Across Ben's lap, she lay still and relaxed, her feet on the aisle seat, hips in the middle, and her head resting against the lower edge of the closed window shade. His arm was draped around her, just under her breasts, and the closeness, the smell of each other, was intoxicating, an opium dream; Ben set aside his fleeting feelings of guilt as he thought of Donna, and let the memory of her blend with the reality of the woman sleeping in his arms. Marina closed her eyes and let herself be held. A rare moment of vulnerability. Ben’s head eased down beside hers, his nose at the edge of her hair, eyes closed. He drifted near sleep, bathed in the scent of her and lulled by his own exhaustion. They stayed like that for a long while.

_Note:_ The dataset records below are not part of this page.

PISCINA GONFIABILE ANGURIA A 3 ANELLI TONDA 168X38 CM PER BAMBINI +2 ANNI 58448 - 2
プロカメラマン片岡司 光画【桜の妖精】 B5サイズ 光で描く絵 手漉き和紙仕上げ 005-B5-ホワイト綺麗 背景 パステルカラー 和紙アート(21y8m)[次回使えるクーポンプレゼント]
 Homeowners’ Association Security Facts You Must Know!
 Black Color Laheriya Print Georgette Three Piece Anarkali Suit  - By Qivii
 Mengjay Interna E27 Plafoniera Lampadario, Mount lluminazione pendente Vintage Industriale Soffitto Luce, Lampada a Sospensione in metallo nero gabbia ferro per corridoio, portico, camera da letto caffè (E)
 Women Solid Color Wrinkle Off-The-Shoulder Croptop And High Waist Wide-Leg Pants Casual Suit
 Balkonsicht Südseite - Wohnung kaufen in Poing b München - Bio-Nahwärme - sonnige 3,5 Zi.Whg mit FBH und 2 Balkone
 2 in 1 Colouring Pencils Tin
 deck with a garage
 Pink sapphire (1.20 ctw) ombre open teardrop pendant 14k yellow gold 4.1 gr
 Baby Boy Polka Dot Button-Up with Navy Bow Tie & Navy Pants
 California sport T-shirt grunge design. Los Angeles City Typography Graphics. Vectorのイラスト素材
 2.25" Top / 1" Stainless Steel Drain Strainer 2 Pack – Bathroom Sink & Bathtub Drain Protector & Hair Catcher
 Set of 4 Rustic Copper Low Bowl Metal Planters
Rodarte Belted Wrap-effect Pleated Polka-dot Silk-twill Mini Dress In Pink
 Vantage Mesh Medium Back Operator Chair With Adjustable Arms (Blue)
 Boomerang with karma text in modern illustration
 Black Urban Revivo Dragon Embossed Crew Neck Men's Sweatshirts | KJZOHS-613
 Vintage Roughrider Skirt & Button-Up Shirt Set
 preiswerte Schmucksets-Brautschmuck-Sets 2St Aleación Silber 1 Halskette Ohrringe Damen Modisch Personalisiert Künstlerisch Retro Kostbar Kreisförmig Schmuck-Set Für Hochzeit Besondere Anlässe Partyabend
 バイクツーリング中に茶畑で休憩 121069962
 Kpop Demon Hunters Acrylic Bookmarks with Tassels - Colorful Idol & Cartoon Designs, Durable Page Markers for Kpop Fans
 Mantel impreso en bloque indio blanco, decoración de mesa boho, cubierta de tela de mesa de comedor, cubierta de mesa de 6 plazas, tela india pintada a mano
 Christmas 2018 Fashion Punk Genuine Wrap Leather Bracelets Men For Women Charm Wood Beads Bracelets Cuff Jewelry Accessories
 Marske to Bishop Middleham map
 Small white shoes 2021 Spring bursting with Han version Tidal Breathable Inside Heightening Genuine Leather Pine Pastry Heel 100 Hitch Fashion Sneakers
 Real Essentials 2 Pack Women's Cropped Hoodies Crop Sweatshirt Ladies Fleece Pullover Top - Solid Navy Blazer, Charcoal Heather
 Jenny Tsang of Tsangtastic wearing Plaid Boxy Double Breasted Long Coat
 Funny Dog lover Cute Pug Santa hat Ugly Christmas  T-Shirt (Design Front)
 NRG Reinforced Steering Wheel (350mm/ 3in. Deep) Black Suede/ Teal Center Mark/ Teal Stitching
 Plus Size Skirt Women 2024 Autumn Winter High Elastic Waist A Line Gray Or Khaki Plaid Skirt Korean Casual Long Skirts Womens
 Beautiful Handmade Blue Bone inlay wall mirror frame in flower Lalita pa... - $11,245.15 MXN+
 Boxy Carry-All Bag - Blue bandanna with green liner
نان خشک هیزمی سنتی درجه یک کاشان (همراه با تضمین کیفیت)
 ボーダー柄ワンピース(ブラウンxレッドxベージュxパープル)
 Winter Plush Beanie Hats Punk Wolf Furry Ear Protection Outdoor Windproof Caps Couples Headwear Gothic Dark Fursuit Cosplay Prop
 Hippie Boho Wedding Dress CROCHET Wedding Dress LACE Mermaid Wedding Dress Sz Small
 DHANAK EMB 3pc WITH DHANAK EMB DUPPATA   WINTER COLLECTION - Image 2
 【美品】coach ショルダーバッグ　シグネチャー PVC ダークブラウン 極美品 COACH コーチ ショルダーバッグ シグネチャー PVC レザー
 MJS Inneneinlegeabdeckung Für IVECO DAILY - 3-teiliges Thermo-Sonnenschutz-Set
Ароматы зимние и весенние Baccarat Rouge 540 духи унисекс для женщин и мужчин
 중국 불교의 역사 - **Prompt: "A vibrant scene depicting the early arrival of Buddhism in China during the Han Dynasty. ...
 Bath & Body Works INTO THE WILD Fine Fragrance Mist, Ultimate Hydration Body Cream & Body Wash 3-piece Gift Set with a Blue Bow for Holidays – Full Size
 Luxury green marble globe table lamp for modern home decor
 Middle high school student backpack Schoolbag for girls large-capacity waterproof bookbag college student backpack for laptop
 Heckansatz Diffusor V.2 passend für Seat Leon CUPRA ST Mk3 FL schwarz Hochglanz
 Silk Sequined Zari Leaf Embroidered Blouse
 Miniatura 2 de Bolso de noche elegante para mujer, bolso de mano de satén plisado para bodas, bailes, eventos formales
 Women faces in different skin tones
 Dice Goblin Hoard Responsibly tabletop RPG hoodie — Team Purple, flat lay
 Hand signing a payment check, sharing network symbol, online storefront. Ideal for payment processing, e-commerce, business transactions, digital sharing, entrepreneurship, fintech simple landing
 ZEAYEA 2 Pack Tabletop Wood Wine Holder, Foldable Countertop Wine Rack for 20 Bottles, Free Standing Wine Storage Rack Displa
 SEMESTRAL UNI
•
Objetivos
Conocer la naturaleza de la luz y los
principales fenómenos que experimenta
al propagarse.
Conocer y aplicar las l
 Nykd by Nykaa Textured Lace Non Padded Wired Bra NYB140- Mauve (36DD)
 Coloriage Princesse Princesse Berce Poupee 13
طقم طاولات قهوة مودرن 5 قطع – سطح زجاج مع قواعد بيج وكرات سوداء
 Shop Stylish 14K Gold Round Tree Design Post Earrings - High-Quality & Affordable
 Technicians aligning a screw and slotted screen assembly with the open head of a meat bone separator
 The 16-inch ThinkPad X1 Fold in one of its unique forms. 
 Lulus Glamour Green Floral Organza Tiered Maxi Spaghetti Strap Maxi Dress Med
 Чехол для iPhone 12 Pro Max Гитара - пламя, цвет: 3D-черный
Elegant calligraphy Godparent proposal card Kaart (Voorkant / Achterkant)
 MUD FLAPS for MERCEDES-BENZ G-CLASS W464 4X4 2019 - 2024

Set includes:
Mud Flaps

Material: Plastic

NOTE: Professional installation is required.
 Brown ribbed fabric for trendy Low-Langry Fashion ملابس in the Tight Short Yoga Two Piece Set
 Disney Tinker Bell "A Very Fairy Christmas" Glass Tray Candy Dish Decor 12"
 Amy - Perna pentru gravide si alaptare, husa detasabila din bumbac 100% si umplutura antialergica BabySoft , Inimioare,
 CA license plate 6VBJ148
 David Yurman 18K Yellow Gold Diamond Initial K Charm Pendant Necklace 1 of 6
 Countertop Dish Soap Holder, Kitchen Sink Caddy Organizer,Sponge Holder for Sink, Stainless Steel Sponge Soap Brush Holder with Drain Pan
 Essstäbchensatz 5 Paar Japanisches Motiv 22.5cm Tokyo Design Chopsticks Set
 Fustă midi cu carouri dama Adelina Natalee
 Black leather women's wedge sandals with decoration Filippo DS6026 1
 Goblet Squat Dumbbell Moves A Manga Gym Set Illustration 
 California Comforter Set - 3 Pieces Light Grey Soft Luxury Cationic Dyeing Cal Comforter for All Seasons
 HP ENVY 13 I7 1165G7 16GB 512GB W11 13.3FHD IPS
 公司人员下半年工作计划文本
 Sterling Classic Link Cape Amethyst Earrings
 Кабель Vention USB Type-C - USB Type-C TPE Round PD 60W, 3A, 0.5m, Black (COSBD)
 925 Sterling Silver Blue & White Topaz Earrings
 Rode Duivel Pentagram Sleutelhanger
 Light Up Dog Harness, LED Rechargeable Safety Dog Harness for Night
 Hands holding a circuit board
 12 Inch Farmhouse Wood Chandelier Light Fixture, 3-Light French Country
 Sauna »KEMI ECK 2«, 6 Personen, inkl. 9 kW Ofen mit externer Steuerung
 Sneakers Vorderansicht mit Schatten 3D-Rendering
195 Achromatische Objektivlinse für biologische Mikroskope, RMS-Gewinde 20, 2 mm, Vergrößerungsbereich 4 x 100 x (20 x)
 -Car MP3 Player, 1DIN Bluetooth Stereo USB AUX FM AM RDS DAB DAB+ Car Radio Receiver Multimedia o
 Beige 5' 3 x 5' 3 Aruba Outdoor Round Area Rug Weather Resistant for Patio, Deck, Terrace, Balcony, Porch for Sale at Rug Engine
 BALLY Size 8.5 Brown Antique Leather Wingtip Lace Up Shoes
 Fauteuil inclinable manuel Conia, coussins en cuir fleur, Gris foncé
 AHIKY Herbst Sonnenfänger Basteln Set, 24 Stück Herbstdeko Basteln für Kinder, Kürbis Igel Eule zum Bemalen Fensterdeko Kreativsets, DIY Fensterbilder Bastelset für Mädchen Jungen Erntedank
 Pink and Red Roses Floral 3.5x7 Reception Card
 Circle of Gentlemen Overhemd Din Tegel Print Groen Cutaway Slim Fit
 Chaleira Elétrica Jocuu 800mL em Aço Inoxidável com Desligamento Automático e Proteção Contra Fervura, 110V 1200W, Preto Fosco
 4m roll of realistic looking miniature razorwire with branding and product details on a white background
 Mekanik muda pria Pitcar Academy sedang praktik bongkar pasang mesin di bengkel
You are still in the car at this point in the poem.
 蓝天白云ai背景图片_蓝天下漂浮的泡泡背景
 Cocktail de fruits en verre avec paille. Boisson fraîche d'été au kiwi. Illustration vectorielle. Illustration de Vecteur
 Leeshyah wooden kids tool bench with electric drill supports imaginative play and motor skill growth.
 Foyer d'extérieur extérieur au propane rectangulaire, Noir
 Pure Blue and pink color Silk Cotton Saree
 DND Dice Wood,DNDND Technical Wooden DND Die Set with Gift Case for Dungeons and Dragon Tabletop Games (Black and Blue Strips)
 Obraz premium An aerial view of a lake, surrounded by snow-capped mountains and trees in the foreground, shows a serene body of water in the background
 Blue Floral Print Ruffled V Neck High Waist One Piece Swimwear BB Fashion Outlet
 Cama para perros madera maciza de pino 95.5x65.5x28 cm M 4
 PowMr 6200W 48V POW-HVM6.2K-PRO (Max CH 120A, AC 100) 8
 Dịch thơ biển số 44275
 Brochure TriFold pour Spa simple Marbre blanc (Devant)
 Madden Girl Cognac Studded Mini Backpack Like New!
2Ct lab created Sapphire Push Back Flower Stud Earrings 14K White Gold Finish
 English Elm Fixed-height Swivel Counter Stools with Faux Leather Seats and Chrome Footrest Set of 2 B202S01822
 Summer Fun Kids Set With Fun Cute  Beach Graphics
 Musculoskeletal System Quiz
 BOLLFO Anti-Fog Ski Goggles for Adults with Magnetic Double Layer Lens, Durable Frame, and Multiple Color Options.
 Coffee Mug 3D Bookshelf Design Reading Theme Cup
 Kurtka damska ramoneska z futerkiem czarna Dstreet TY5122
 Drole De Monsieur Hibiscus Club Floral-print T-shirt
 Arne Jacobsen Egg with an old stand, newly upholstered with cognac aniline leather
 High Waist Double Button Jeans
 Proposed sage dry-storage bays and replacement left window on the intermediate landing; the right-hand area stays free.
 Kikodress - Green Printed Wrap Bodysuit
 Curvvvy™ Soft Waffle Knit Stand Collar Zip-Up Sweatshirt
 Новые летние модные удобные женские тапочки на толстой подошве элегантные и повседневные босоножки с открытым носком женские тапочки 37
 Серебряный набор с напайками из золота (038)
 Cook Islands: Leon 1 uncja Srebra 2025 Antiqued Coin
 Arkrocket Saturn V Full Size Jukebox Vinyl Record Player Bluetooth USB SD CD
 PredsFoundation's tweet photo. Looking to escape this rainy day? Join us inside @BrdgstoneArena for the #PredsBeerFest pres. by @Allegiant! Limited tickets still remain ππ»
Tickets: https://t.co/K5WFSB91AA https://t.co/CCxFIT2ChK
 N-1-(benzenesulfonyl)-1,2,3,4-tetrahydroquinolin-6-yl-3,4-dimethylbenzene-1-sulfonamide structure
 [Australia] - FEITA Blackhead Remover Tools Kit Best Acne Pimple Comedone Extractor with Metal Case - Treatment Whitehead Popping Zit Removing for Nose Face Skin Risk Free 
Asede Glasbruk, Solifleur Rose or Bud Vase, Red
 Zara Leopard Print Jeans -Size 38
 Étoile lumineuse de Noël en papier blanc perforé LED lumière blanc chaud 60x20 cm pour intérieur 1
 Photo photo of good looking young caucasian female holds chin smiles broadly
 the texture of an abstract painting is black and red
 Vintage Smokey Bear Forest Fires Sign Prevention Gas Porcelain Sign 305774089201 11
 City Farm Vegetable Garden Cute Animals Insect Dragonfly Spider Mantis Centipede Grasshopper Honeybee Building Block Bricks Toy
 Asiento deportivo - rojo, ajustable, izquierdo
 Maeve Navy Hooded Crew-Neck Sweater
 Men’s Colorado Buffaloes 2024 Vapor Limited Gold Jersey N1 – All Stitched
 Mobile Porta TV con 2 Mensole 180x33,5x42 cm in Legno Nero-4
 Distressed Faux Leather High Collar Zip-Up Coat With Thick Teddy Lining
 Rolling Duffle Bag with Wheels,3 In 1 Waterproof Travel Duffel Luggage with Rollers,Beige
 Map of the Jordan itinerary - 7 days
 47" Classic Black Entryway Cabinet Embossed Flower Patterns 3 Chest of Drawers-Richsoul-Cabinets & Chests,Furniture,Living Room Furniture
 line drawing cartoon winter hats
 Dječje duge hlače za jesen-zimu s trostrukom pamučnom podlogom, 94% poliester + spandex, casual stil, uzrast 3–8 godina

The man with the cane noticed Ben's head drop from view. Good for him, he thought, she's a real looker.
The plane had plenty of empty space on it — about half capacity he guessed — and it wouldn't be difficult to keep an eye on the traveling professor. Simple job, anyway, following a guy on an airplane. If there was any kind of trouble, any 'interference' as Bass had put it, the cane would give him an edge. He was sure Bass would be pleased with him. If trouble came, and he handled it well, there might even be a bonus in the job. Future work for sure.
He adjusted his belt. He had been drinking coffee for a full hour and a half prior to the flight, trying to blend in with the crowd. Now his bladder was full and growing more uncomfortable by the minute. Gela seemed to be asleep, or making a move on the woman. Either way he had be staying put for a while. Nowhere to hide over the Atlantic anyway. He got up and craned his neck to make sure the professor was safe in his seat. He was.
He left the cane leaning against his tray table and made his way to the lavatory, remembering to use the seats as support, keeping up the act of the sore leg. He hated the little rooms, but there was nothing for it; he wasn't going to make it another six hours without going.